Not only was slavery accepted in Islam, but a set of conditions and rules were also codified and defined for it; both in the Quran, in hadith, and in Islamic law. The Prophet of Islam himself owned slaves and bought, sold, exchanged, and freed slaves.

This question can be decisive for a Muslim or someone who today defends the values of Islam, at least from a moral perspective: why and how does Islam, which presents itself as a religion of equality and justice, never place the buying and selling of human beings and slavery on its long list of prohibitions?

This week’s guests on Taboo are Mehdi Jalali Tehrani, a former researcher of Religion and State studies at Columbia University, and Sajjad Nikaiyan, a religion scholar.

We begin with Mr. Nikaiyan. Mr. Nikaiyan, this question can be important for a Muslim: how were both servitude and slavery recognized in Islam?

Sajjad Nikaiyan: What exists in Islam as slavery was neither an institution nor a legislation of slavery nor its creation. The issue was solely about legalizing a tradition that existed anyway. If you look at the prophets as social reformers, social reformers work through prioritization and act based on specific priorities. Engaging with deeply rooted and established social traditions that create tension and destabilize society was not the priority of the prophets, unless the matter was ideological or related to belief in a Creator, which was their mission.

As you can see, this discussion is not just about America. It has existed until very recent centuries—two to three hundred years ago—both in America and in Europe until the seventeenth century. Not only monotheistic and heavenly religions accepted it; human societies themselves accepted it too. Even Abraham Lincoln, when issuing the slavery abolition order, did so not based on humanitarian values, but to weaken the South and Confederate states.

In Islam too, it was a prevalent tradition of that era, but the conditions of keeping slaves and the conditions of treatment toward them [were determined in Islam], and this was aimed at making those conditions more humane—conditions that were not necessarily approved by Islam. You were facing a reality: that slaves were a product of something called war. This point is more important.
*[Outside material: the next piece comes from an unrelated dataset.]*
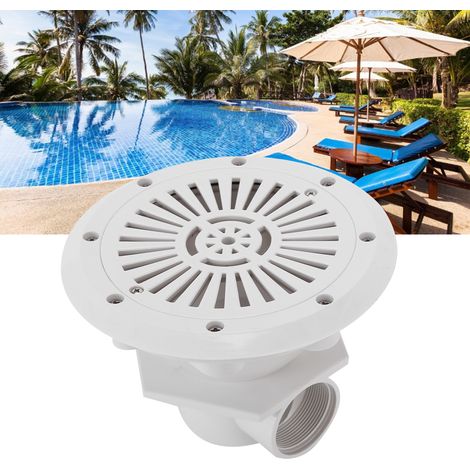 Drain de Sol pour Piscine en Film Plastique, Drain Principal Robuste et Durable pour Bassins et Sources Chaudes (1/5)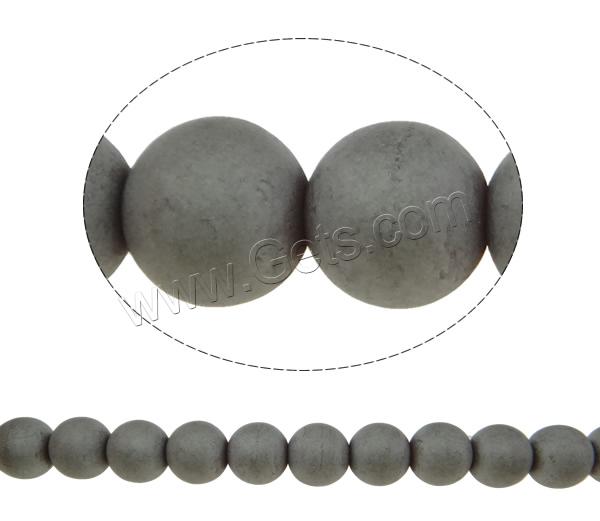 Las Perlas De Hematites Sin Magnético, Hematita no magnética, Esférico, diverso tamaño para la opción & glaseado, gris, agujero:aproximado 2mm, longitud:aproximado 15.7 Inch, Vendido por Sarta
That is, wars occurred where both sides’ treatment of the other side’s captives was not based on UN law, human rights, and war conventions, but based on the fact that captives of the opposite side were considered slaves. Since war occurred, there was no choice but to find a solution for these war captives, and in Islam, slavery is entirely a product of war…

Regarding this part about war specifically, since I have another question, I ask your permission to discuss it separately later, but before we move to our other guest Mr. Jalali Tehrani, I have a question for you. That is, you say Islam did not institute something but tried to reform a prevalent tradition. Since not all traditions could be addressed by war. Islam, which essentially begins by fighting these traditions, for example, idolatry is also a tradition of the time…

Nikaiyan: I said not all traditions. I said prioritization. If your priority is spreading monotheism, you invest all capital in spreading monotheism. It’s not a package that changes everything all at once [from the beginning]. For example, look at the prohibition of drinking wine. It was implemented over several stages, was it not?

Very well, I continue the discussion with Mr. Jalali Tehrani, our other guest. Of course, our listeners might now have the point that if this is about social reforms, is spreading monotheism more important or preventing the buying and selling of human beings? Allow me to raise this question with Mr. Jalali Tehrani.

Mehdi Jalali Tehrani: Yes, actually I wanted to address the point you made about traditions. I wanted to enter from this angle. Now, apart from the tradition of idolatry, we have structural social traditions that the Prophet of Islam broke. He left his own tribe. He left the city of Mecca and went to Medina, which was also not customary at that time for a person to leave their homeland. Muhammad was certainly a tradition-breaker in many respects.

But regarding the issue of slavery, we see Islam silent. Even if we say there is prioritization, the question becomes: how much effort did you put in and create rulings for it, detailed in Islamic law specifying what should be done with slaves. Well, you could spend one percent of that effort and simply abolish it altogether. If it conflicts with your monotheistic principles. While I believe slavery is actually compatible with monotheistic principles.

Another issue that Mr. Nikaiyan mentioned is that this matter of slavery is not necessarily approved by Islam. Who can determine what is approved by Islam and what is not? Especially for someone who today wants to believe. How can they know what was approved by Islam or not approved by Islam? Overall, monotheism itself is a relationship of servitude in its entirety. A human is not recognized as a free human. A human’s value lies entirely in being a slave. Being a servant of God. Now this servant finds a hierarchy. A person who is not a slave must express their servitude to God and accept His guardianship, but another person who is a slave must accept servitude to this person. This is completely incompatible with today and is entirely servitude in its entirety.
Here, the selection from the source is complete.